SUTTON, W.Va. — A farm outside Morgantown specializing in certified naturally grown vegetables won the West Virginia Conservation Farm of the Year award Tuesday during an awards luncheon in Sutton.
Mountain Harvest Farm on Goshen Road near Morgantown, which is owned by Chico Ramirez and Mary Oldham, won the award during the West Virginia Conservation Partnership Conference luncheon.
Mountain Harvest Farm was competing against the Finley Farm, owned by Cody and Jessica Finley, of Apple Grove in Mason County. Both farms have demonstrated a commitment to conservation practices that protect soil, land, water and related resources.
Each year, one West Virginia farm receives the Conservation Farm of the Year honor after winning at the county, district and area levels.
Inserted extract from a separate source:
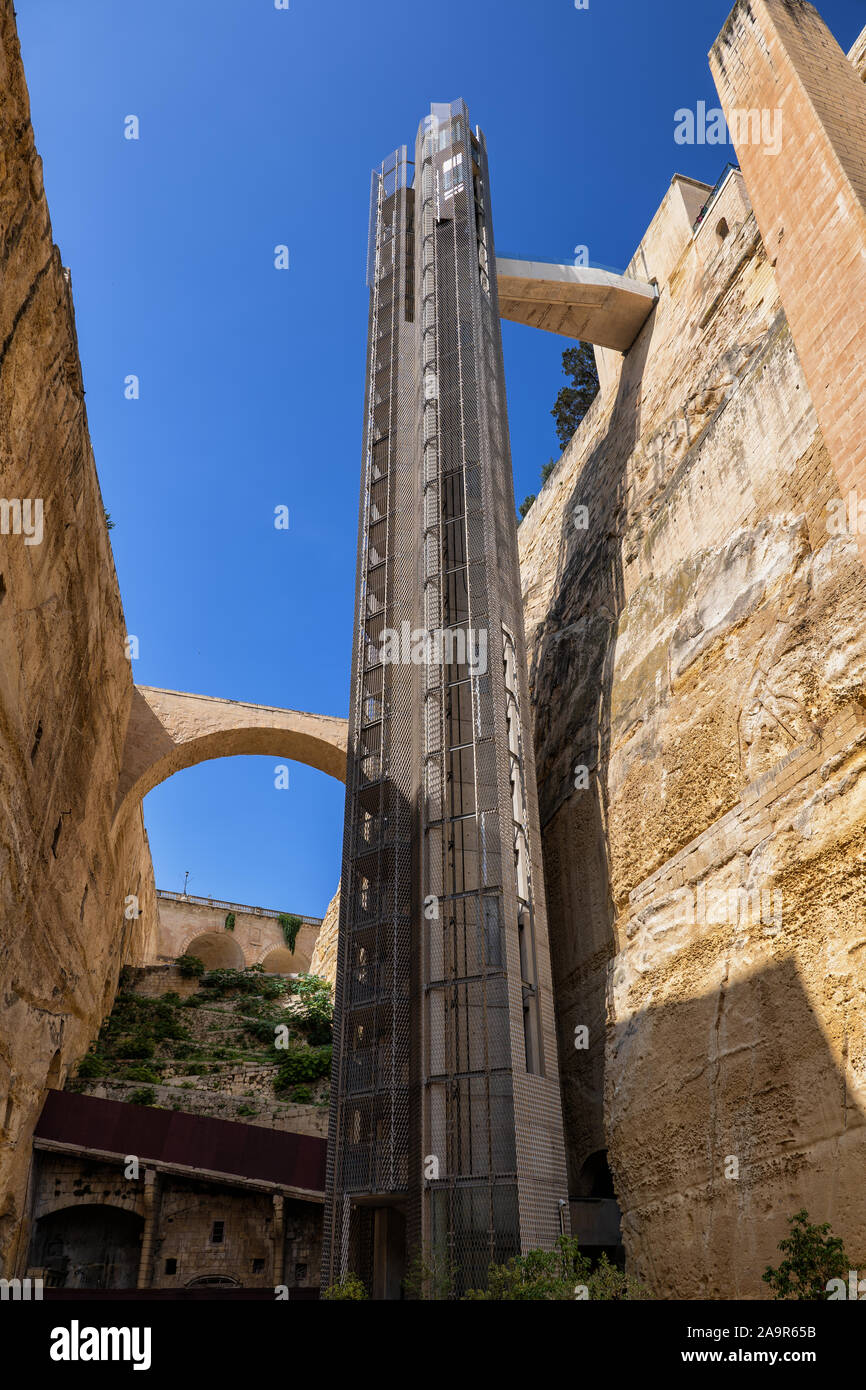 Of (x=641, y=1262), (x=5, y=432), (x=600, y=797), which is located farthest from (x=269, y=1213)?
(x=5, y=432)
Judges visited both farms in late August and graded the farmers on their use of best management practices, impact on ecological systems and community-based activities.
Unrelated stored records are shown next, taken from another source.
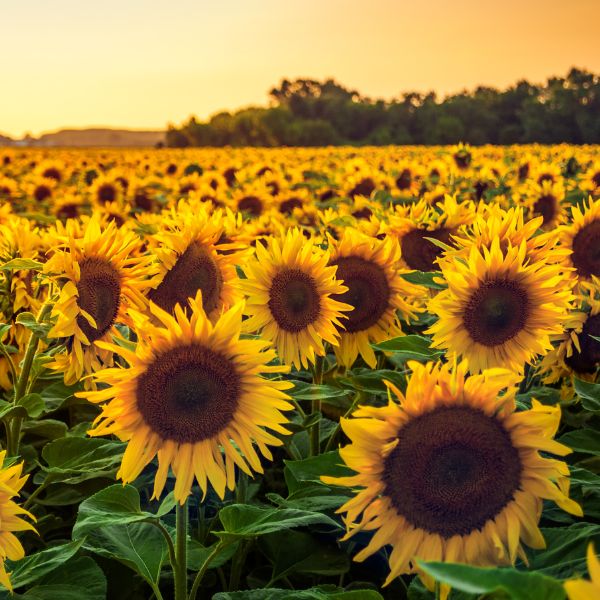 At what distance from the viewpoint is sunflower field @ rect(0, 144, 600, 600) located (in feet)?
6.52

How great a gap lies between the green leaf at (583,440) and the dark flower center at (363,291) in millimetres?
1331

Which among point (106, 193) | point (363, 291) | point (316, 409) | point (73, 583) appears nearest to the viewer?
point (73, 583)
Mountain Harvest Farm represents the Monongahela Conservation District of Monongalia, Marion and Preston counties. The Finley Farm represents the Western Conservation District of Mason, Putnam and Jackson counties.
The Finleys raise cattle and goats on their farm in Apple Grove. Their children show animals in 4H and they’ve implemented agricultural best management practices that include lime, frost seeding, pasture division and exclusion fence, watering systems, and rotational grazing to improve their operation.
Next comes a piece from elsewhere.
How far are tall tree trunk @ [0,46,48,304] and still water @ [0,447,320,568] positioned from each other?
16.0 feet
Ramirez and Oldham of Mountain Harvest Farm earned a $1,000 award for the win.
The couple also will receive 200 hours, or three months, use of a John Deere tractor from Middletown Tractor Sales in Fairmont, with an option to later purchase the tractor at a discounted rate. Brandon Thomas of Middletown Tractor Sales (MTS) also said each participant in the Conservation Farm of the Year program would be able to receive a 10 percent discount on MTS equipment.
Some of the conservation best management practices at Mountain Harvest Farm are crop rotation, cover crops, contour farming, no-till farming, buffer strips, pollinator planting, nutrient management practices and more.
Ramirez and Oldham grow tomatoes, carrots, greens, herbs, corn, peppers, eggplant, broccoli, cut flowers and other produce on the farm. In addition to growing produce in open fields on the farm, they utilize two high tunnels and four low tunnels to extend their growing season.
Mountain Harvest Farm follows organic growing standards and is currently Certified Naturally Grown (CNG), which is a grassroots alternative to USDA Certified Organic that Oldham said is more appropriate for small-scale local growers who have relationships with local customers.
Ramirez and Oldham also take part in a subscription vegetable farm share program often called a “CSA” or “Community Supported Agriculture.”
The couple supports their family through their operation, and they also employ three workers on work visas and two part-time employees to manage CSA deliveries.
They also provide produce to the Morgantown area through local farmers markets, Oldham said.
They’ve hosted tours of the farm for a variety of groups, including WVU students and USDA-Natural Resources Conservation Service (NRCS) field staff, and annual tours for their customers. They also host students as young as preschool age at the farm. In 2019, they hosted the Nuffield International Farmers Scholars as part of their global tour to expand the recipients’ knowledge of agricultural best management practices.
This past spring, they also hosted an “Earth Day at the Farm” event with a conservation walk and pollinator planting.
The mission of the West Virginia Conservation Agency is to provide for and promote the protection and conservation of West Virginia’s soil, land, water and related resources for the health, safety and general welfare of the state’s citizens.